··· DATA FOR REVIEW

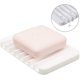 thumbnail image 4 of Silicone Soap Dish for Shower, Bar Soap Holder, Soap Saver with Drainer, Soap Tray for Bathroom Kitchen, Self-draining Waterfall, Easy Cleaning (Pack of 3) (White), 4 of 5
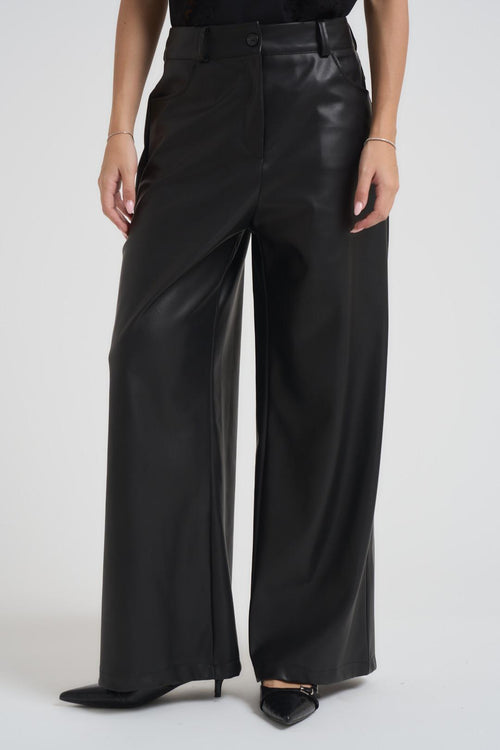 Pantalone donna a palazzo in ecopelle nero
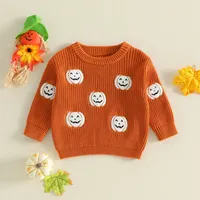 Kinder Herbst Warme Langarm-Rundhalspullover mit Stickerei für Halloween & Weihnachten für Mädchen und Jungen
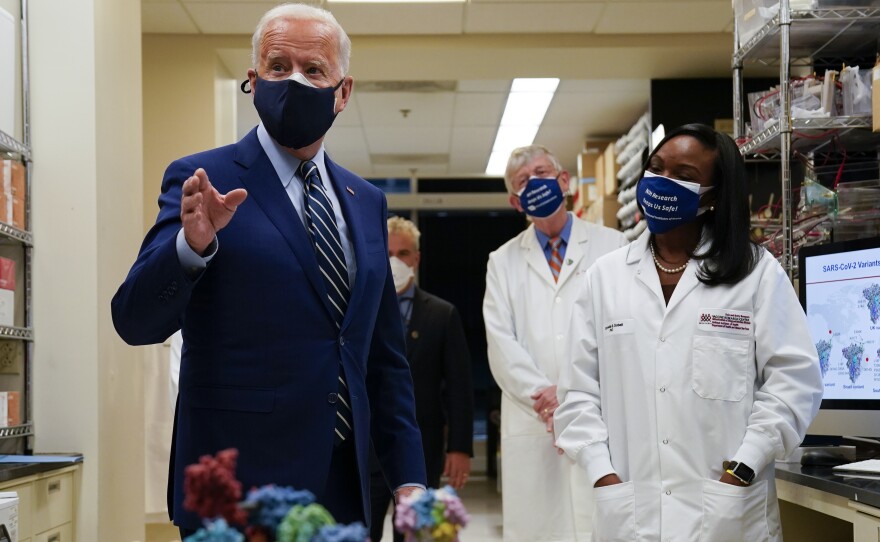 During remarks at the National Institutes of Health, President Joe Biden said his administration has secured enough Covid-19 vaccines to ensure the nation is on track to vaccinate 300 million Americans by mid-July.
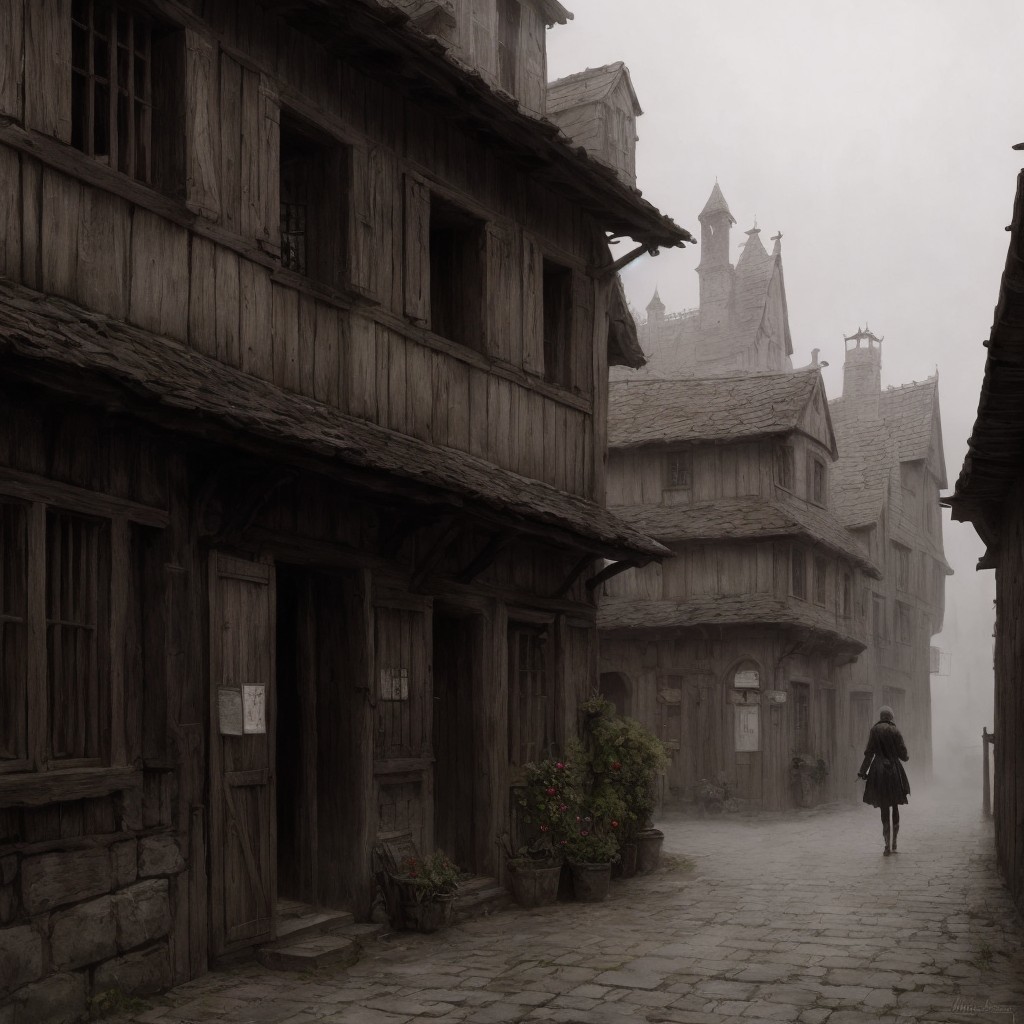 Misty Medieval Village Street Scene with Fog and Plants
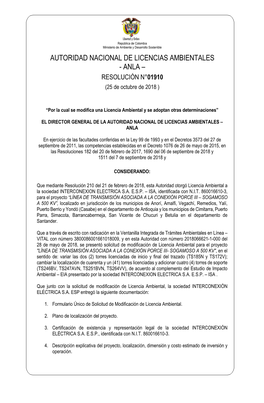 RESOLUCIÓN N°01910 (25 De Octubre De 2018 )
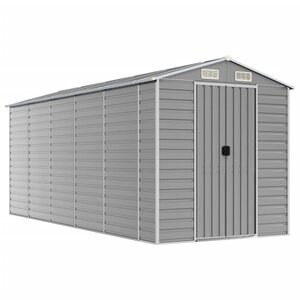 vidaXL Abri de jardin gris clair 191 x 470 x 198 cm en acier galvanisé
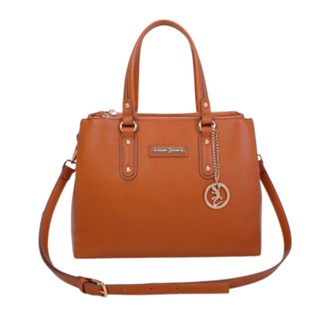 Bolsa Tote Média Fellipe Krein Aw22 Saffiano - Caramelo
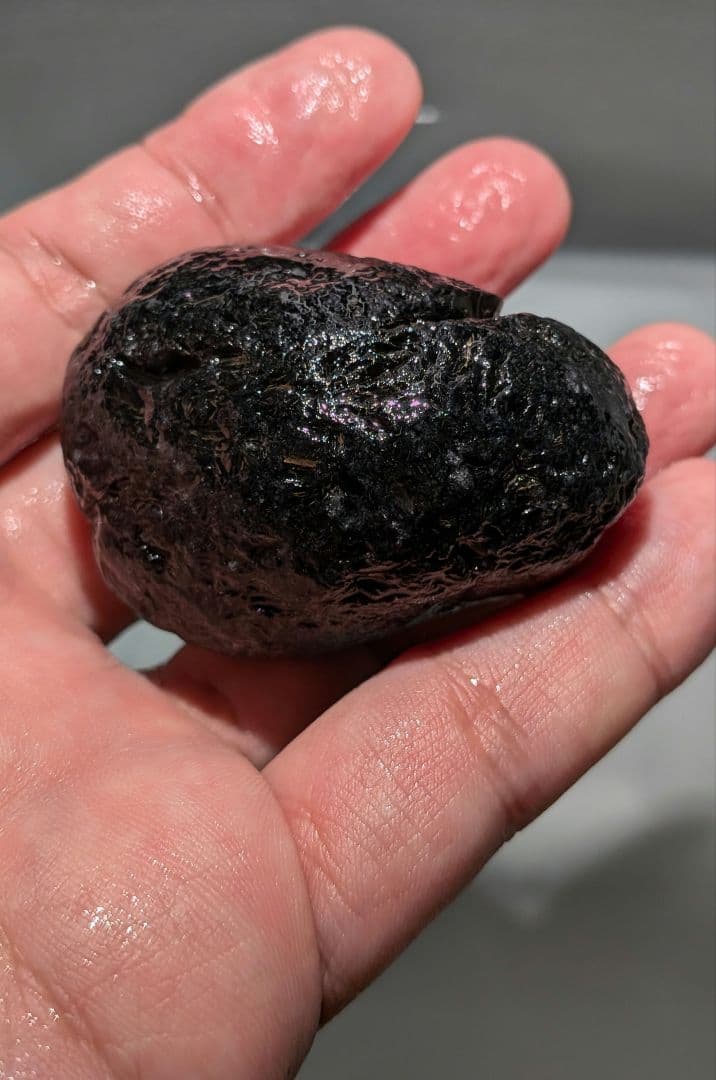 原石 十勝石玲瓏 ブルーベースレインボーオブシディアン 超特級品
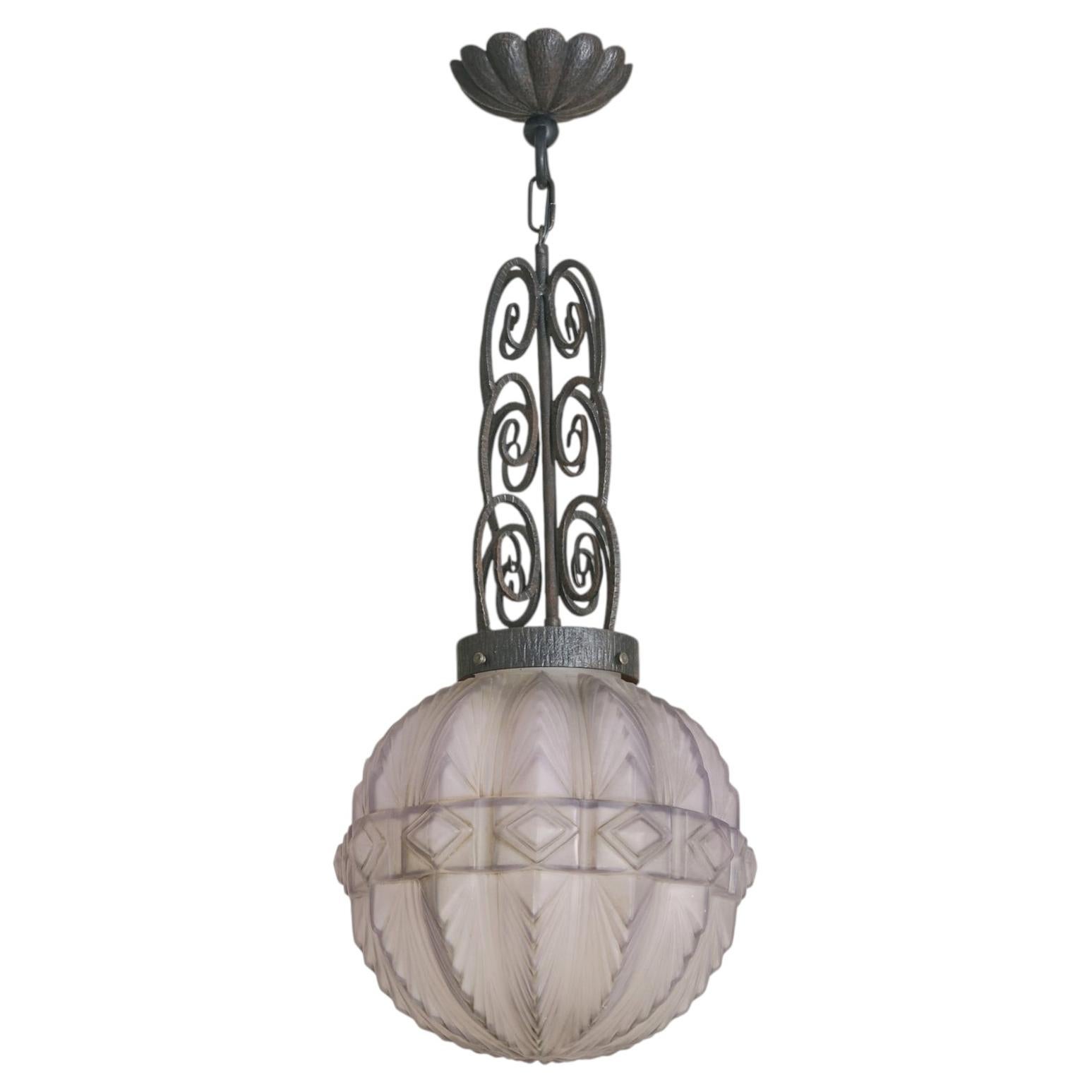 French Art Deco Molded Glass Spherical Pendant, 1920s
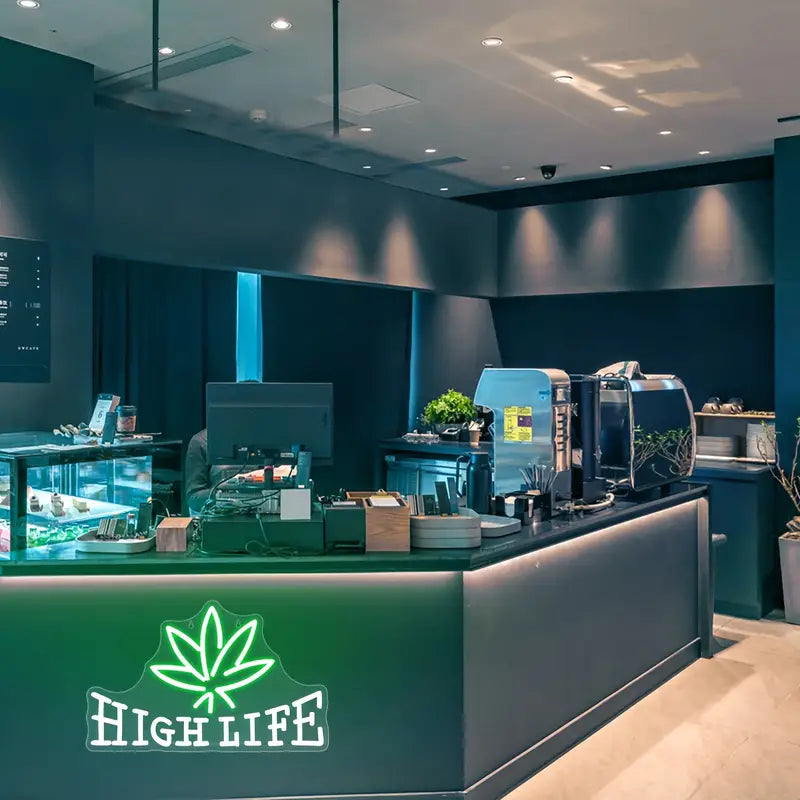 High Life cafe interior with neon sign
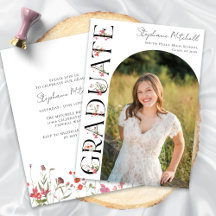 Elegant Wildflower Photo Graduation Party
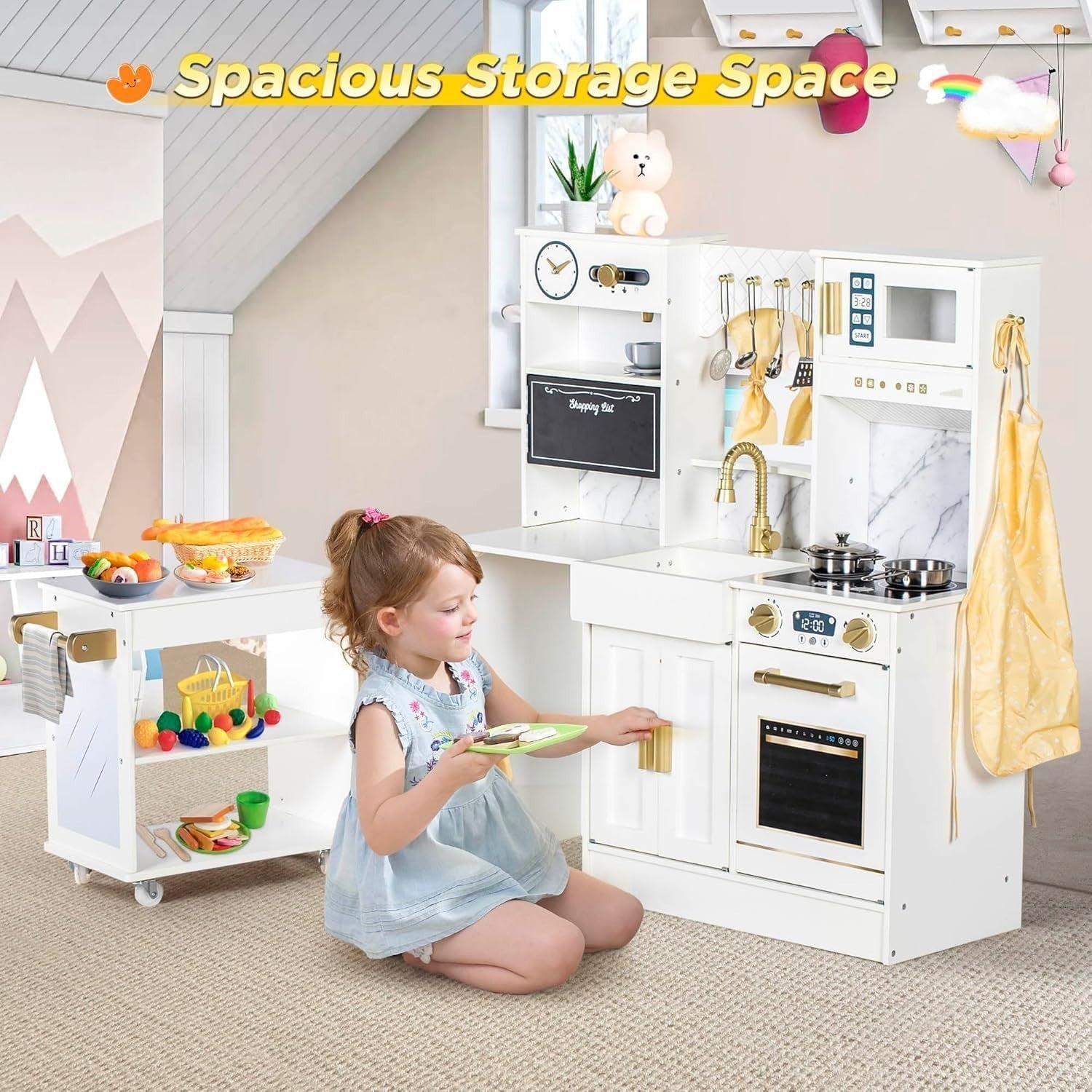 Wooden Kids Play Kitchen White Ice Maker Coffee Machine Toy Set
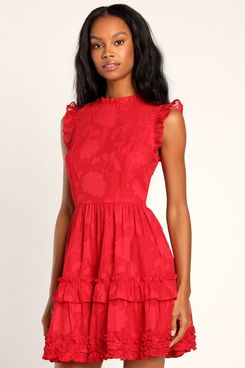 Lulus True as Can Be Red Burnout Floral Ruffled Mini Dress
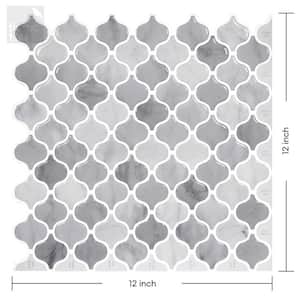 Thicker Damask Marble 12 in. x 12 in. PVC Peel and Stick Tile (10 sq. ft./10)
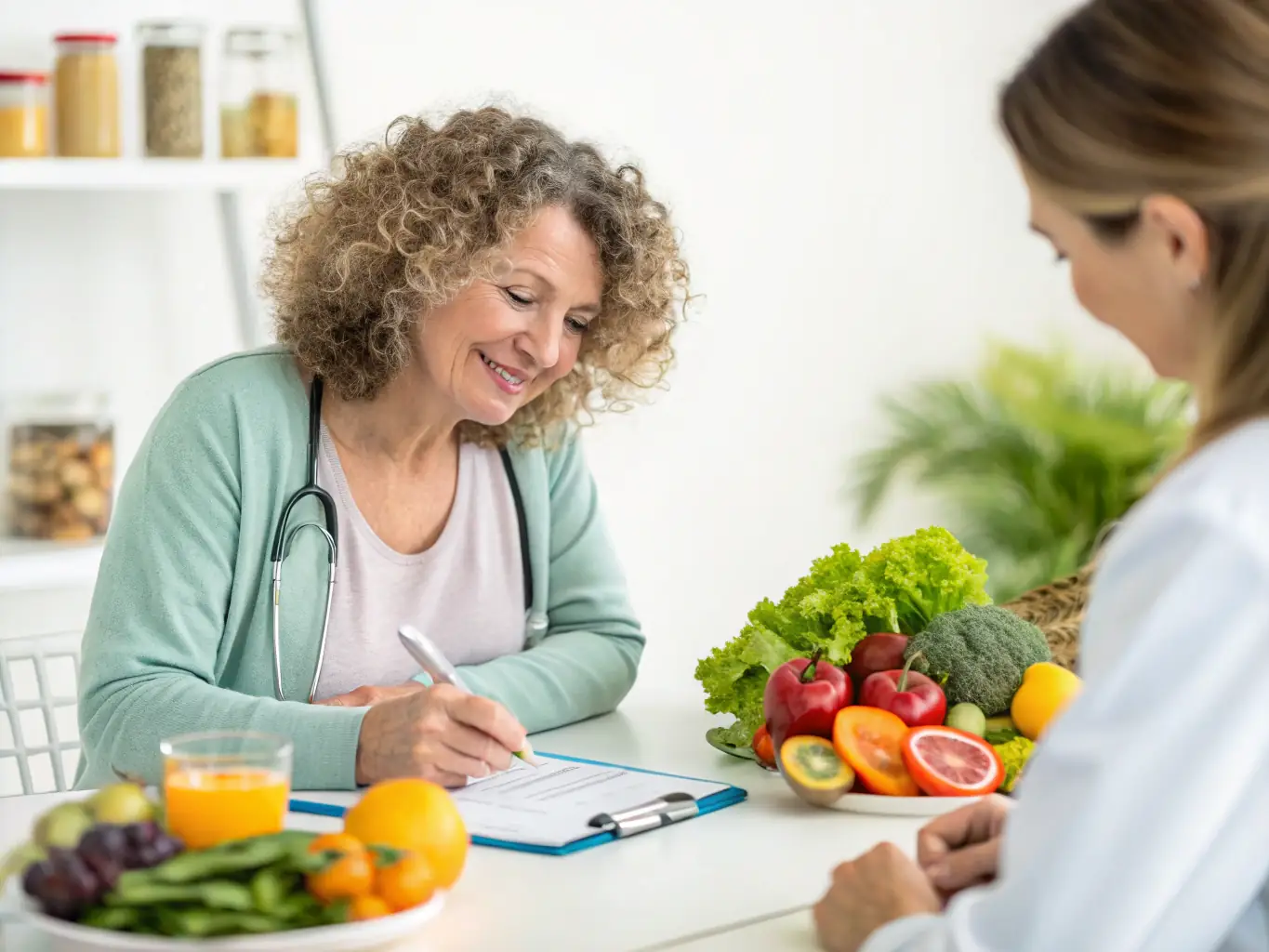 An image of healthy meals and a nutritionist reviewing a meal plan on a laptop, representing Muscle Beard's nutritional coaching services.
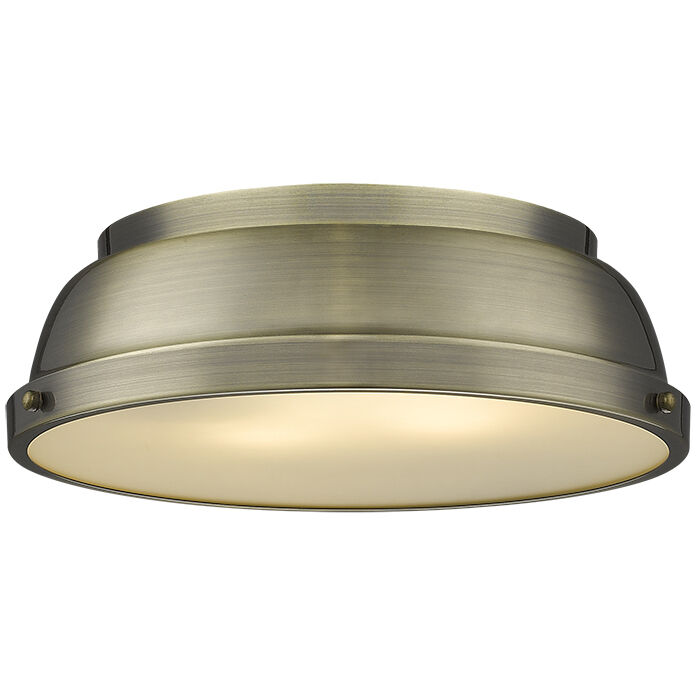 Yep Duncan 2 Light 14 inch Pewter Flush Mount Ceiling Light in White, Damp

······

▸ **WHAT IS EXPECTED**: Please transcribe every entry exactly as written, leaving the pictures out.

▸ **ANSWER TO THIS TASK**:
 thumbnail image 4 of Silicone Soap Dish for Shower, Bar Soap Holder, Soap Saver with Drainer, Soap Tray for Bathroom Kitchen, Self-draining Waterfall, Easy Cleaning (Pack of 3) (White), 4 of 5
 Pantalone donna a palazzo in ecopelle nero
 Kinder Herbst Warme Langarm-Rundhalspullover mit Stickerei für Halloween & Weihnachten für Mädchen und Jungen
 During remarks at the National Institutes of Health, President Joe Biden said his administration has secured enough Covid-19 vaccines to ensure the nation is on track to vaccinate 300 million Americans by mid-July.
 Misty Medieval Village Street Scene with Fog and Plants
 RESOLUCIÓN N°01910 (25 De Octubre De 2018 )
 vidaXL Abri de jardin gris clair 191 x 470 x 198 cm en acier galvanisé
 Bolsa Tote Média Fellipe Krein Aw22 Saffiano - Caramelo
 原石 十勝石玲瓏 ブルーベースレインボーオブシディアン 超特級品
 French Art Deco Molded Glass Spherical Pendant, 1920s
 High Life cafe interior with neon sign
 Elegant Wildflower Photo Graduation Party
 Wooden Kids Play Kitchen White Ice Maker Coffee Machine Toy Set
 Lulus True as Can Be Red Burnout Floral Ruffled Mini Dress
 Thicker Damask Marble 12 in. x 12 in. PVC Peel and Stick Tile (10 sq. ft./10)
 An image of healthy meals and a nutritionist reviewing a meal plan on a laptop, representing Muscle Beard's nutritional coaching services.
 Yep Duncan 2 Light 14 inch Pewter Flush Mount Ceiling Light in White, Damp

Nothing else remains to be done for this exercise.